Judge Barker interprets the Dodd-Frank Act’s language giving the Bureau authority to act against unfair, abusive, deceptive and discriminatory acts as meaning that discrimination must be something separate from unfair or else the statute would have said unfair including discrimination. But Congress seems not to have used the words that way. Deceptive conduct is often said to be a subset of unfair conduct but the statute does not say unfair including deception. Indeed, Judge Barker cited a source that specifically says deception is a subset of unfairness, remarks by J. Howard Beales, though the judge did not refer to that statement in his opinion.

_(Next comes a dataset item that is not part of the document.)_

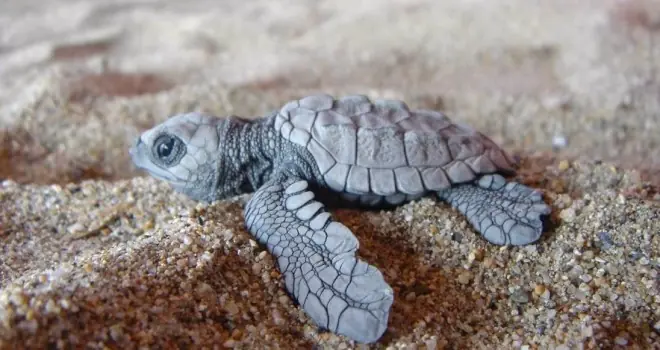 México termina el año con más de 42 millones de tortugas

Judge Barker concluded that Congress would have been clearer if it had intended to give the Bureau the power to use disparate impact discrimination–though he seems to overlook the fact that Bureau staff disclaim the use of the disparate impact test to determine if conduct is unfair. He cited to the major questions doctrine even though that doctrine is confined to situations in which “an agency claims to discover in a long-extant statute an unheralded power. . . .” But the power here is not a new one; as Luke Herrine has pointed out, federal agencies have been using unfairness powers to reach discrimination for decades. See, e.g., In re Delta Air Lines, Inc., Miscellaneous Economic Orders, 78 C.A.B. 860 (1978). Judge Barker uses the history that supports his position and ignores the history that undermines his ruling.
All in all, a very disappointing decision, though hardly an unexpected one.